3) If reconciliation were to occur then agriculture, commerce, and industry would be
restored to desired levels.
4) To remain in the British Empire would ensure protection of trade beyond what any
other nation on Earth could offer.
5) The incurrence of costs associated with protection of trade would be much lower as a
part of the British Empire.
6) Trade bounties existed as a part of the Empire, and the number of goods that would
flow into the colonies as a result of open trade with the rest of the Empire are beyond
compare.
7) Upon reconciliation and the restoration of peace, emigration to the colonies would be
restored and growth exhibited.
Inglis assures that these are very real benefits as compared to the false grievances made
by Paine in Common Sense.68 If the colonists were to persist in their collective efforts to fight
against the British Empire, then there would undoubtedly be consequences too numerous to
predict. He lists six such consequences.69
1) All of our (colonist’s) property throughout the continent would be unhinged. The
greatest confusion and violent convulsions would take place.

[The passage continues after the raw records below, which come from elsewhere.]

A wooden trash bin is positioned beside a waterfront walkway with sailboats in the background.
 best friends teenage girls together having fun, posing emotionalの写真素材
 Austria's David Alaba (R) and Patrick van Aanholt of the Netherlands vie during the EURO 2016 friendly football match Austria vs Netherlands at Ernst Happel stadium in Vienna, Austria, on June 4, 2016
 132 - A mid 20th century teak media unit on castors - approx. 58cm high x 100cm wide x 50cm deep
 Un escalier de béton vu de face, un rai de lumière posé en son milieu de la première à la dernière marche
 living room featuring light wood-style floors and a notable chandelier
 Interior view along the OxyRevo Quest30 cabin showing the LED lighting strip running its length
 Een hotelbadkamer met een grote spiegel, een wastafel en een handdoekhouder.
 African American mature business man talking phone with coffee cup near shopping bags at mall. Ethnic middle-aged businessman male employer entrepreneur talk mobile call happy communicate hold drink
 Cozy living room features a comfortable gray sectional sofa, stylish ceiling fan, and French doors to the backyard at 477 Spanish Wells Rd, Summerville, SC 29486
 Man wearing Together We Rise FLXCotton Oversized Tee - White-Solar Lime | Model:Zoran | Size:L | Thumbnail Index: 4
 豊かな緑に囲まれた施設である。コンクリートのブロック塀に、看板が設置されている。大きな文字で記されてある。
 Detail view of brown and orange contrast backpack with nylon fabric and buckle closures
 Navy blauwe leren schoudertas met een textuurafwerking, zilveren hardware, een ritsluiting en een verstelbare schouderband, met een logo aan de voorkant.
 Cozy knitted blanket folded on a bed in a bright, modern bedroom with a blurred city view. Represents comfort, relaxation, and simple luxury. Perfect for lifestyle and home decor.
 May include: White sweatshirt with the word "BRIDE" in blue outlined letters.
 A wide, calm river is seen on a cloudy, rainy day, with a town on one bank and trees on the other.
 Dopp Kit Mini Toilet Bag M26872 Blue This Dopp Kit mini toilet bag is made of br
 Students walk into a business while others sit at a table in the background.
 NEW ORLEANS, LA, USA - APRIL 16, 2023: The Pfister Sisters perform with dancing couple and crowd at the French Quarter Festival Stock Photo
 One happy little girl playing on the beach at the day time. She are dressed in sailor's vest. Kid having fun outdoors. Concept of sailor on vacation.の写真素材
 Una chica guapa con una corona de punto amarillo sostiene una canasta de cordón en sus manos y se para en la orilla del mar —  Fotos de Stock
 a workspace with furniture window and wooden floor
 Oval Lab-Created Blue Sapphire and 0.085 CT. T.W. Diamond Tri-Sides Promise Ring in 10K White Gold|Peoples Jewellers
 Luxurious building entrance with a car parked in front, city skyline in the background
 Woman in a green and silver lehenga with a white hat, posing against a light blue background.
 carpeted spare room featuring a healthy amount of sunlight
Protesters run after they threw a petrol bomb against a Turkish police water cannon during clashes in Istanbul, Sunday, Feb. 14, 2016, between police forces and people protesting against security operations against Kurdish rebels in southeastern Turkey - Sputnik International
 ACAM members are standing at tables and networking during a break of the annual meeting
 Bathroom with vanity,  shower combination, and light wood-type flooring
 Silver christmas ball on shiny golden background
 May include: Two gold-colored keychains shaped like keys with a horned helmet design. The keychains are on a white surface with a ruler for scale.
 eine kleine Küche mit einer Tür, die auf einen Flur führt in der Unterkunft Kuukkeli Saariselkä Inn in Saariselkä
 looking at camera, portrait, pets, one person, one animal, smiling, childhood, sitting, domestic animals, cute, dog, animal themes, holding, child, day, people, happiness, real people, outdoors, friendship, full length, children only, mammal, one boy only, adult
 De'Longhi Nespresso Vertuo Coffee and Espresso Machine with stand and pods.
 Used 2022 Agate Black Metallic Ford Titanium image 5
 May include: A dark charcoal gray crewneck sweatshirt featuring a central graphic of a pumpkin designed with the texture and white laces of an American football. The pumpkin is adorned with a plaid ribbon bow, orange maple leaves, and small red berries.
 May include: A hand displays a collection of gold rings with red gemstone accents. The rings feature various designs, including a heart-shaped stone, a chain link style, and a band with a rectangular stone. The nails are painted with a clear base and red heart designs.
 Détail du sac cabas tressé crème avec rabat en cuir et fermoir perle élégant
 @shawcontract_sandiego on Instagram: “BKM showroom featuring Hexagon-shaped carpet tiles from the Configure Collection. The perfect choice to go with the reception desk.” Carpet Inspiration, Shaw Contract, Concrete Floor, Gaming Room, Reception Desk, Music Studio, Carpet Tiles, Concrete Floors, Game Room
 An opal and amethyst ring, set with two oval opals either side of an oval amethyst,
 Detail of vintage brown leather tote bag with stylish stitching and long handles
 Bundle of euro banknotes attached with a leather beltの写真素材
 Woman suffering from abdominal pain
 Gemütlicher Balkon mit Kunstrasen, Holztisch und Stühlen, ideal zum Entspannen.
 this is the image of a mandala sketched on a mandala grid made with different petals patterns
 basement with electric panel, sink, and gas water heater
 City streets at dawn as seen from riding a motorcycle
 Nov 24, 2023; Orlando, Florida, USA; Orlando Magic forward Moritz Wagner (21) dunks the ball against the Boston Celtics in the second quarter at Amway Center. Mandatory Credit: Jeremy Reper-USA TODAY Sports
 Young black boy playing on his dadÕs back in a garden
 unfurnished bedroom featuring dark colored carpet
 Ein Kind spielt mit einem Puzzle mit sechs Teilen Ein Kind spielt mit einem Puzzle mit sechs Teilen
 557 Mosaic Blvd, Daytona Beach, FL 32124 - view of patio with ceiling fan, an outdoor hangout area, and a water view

2) Thousands who have taken the oath of allegiance to the King… must be compelled to
renounce that allegiance or abandon their property in America. Thousands more
would be reduced to a similar situation; who although they took not that oath, yet
68. Rev. Charles Inglis, The Deceiver Unmasked; or, Loyalty and Interest United: In Answer to a Pamphlet Entitled Common Sense, (New York, 1776), 59-62.
69. Ibid., 63-69.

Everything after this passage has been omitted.